City of Newport v. Fact Concerts, Inc.,
. The parties do not address the choice of law issue. However, by citing to D.C. substantive law, the partiеs impliedly agree that D.C. law applies to the common law claims.
. The Court previously dismissed claims against Chief Ramsey in his official capacity. Minute Entry Order, Feb. 25, 2004. A section 1983 suit against an official in his official capacity is not a suit against the official, but a suit against the official’s office,
Will v. Michigan Dep’t of State Police,
. Plaintiffs did not submit the pages of the deposition of Mr. DeSantis that would inform the Court оf his position or rank and their brief gives no further illumination.
. While Plaintiffs suggest that Officer DeSan-tis was “afraid to say more,” Pis.’ Mem. at 11, the suggestion again relies entirely upon misreading the transcript. Mr. DeSantis testified that Chief Ramsey "should” go through retraining every six months along with every other MPD officer without affirmatively testifying that Chief Ramsey "does” go through such regular re-training. See DeSantis Dep. at 105 ("Q. So is it your testimony everyone is trained every six months? A. Yes. Q. And everyone goes through the same training.... A. That’s correct. Q. Including Chief Ramsey? A. He should. I want to keep my job.”). In this context, the further statement, "I want to keep my job,” was clearly jocular in meaning.

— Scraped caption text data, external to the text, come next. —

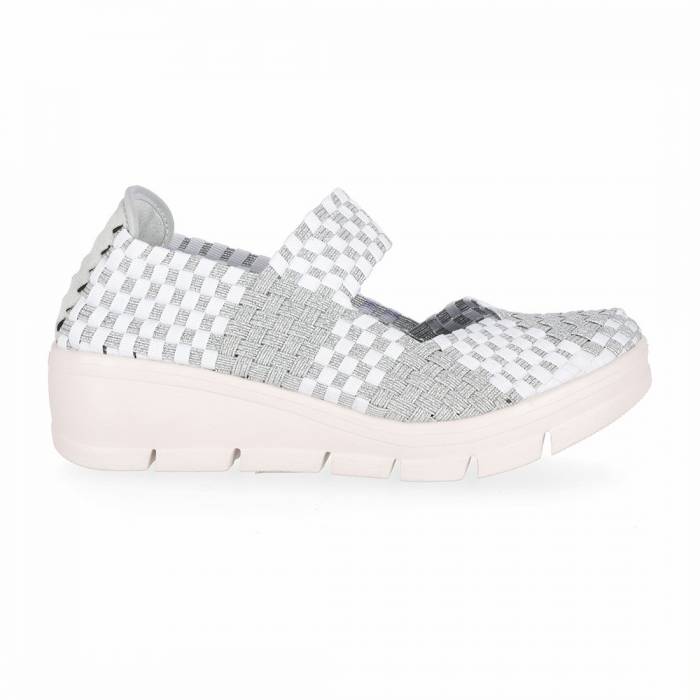 Sneaker Bobby
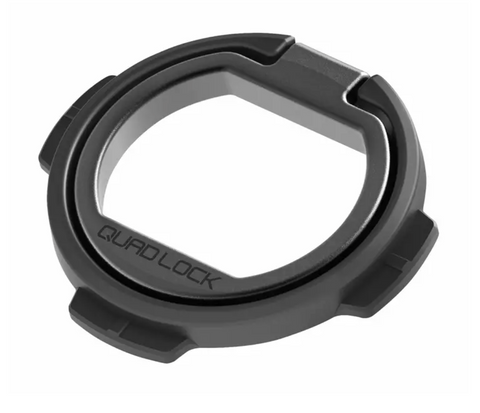 QUADLOCK Handy Ring/Ständer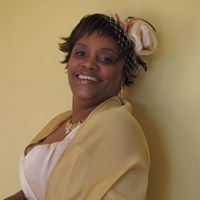 Jennifer Boyce Photo 25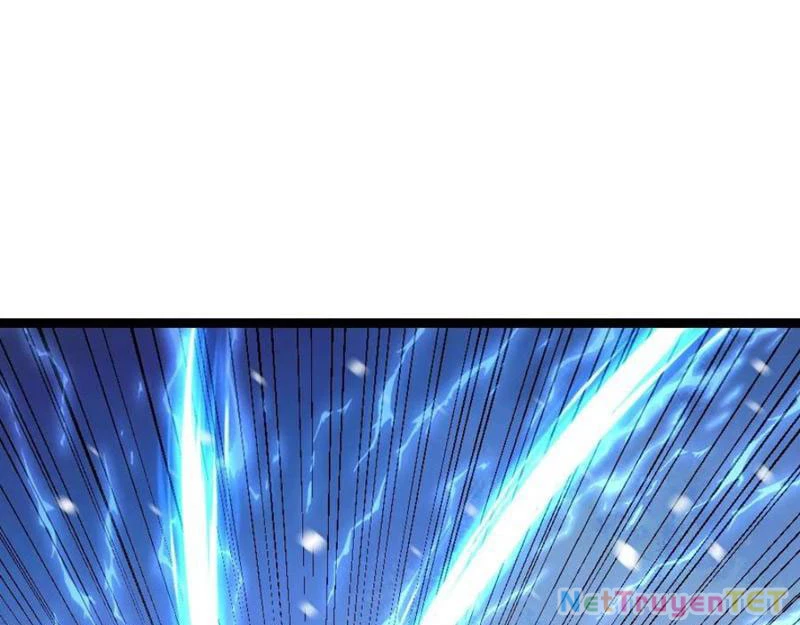 Toàn Cầu Băng Phong: Ta Chế Tạo Phòng An Toàn Tại Tận Thế Chapter 566 - Trang 4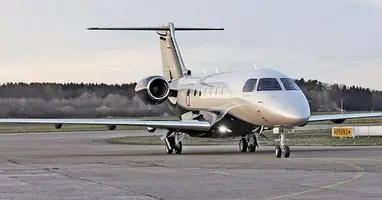 Legacy 500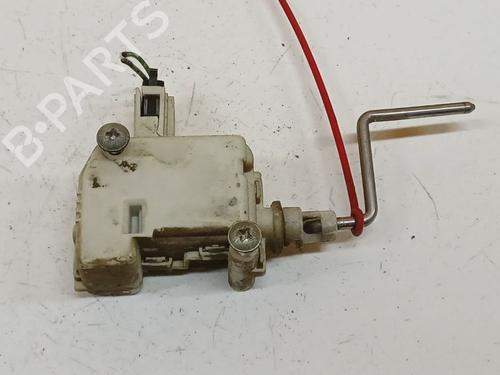 Electronic module AUDI A6 C5 (4B2, 4B4) 1.8 T | BP39544442M83 - Image 3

. Notably, the head of the Department of Corrections was not sued in her individual capacity in
Daskalea.
. As explained above, Plaintiffs have submitted only pages 13-36 of the deposition of Lieutenant Kishter and the exact question they posed and Lt. Kishter's response is not included. Although Plaintiffs contend that Lt. Kishter testified that MPD officers discharge their weapons more frequently than policemen in other jurisdictions, they have failed to submit any such testimony.
. In addition to Plaintiffs’ claim of negligent hiring, training, and supervision in violation of section 1983, Defendants presume that Plaintiffs have stated a claim for common law negligence. Defs.' Mem. at 21-24. The Court dоes not find such a claim in the Amended Complaint. If it did, it would have to agree with Defendants that the claim should be dismissed due to Plaintiffs' failure to name an expert to testify regarding the standard of care.